[Work request]:
In the entries below, begin at the line with "Băiatul cu „piele" and stop after the line with "PAB4307 - MGAT2"; output those lines exactly and omit the pictures.

[Input material]:
::::::::::
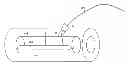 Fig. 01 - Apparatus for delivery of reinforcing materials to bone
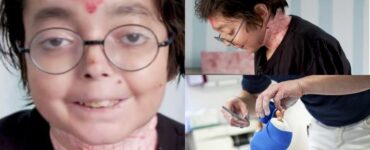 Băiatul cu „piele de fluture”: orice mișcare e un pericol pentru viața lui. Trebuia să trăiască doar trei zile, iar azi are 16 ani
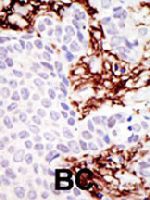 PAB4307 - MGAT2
::::::::::
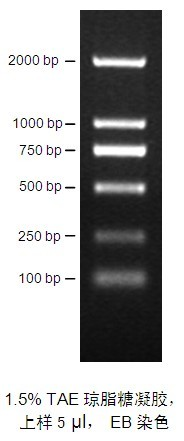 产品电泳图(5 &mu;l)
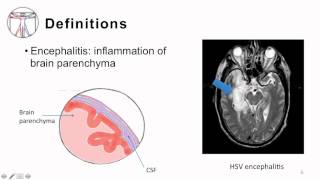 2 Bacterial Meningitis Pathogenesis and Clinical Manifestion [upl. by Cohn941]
::::::::::
[The completed task]:
 Băiatul cu „piele de fluture”: orice mișcare e un pericol pentru viața lui. Trebuia să trăiască doar trei zile, iar azi are 16 ani
 PAB4307 - MGAT2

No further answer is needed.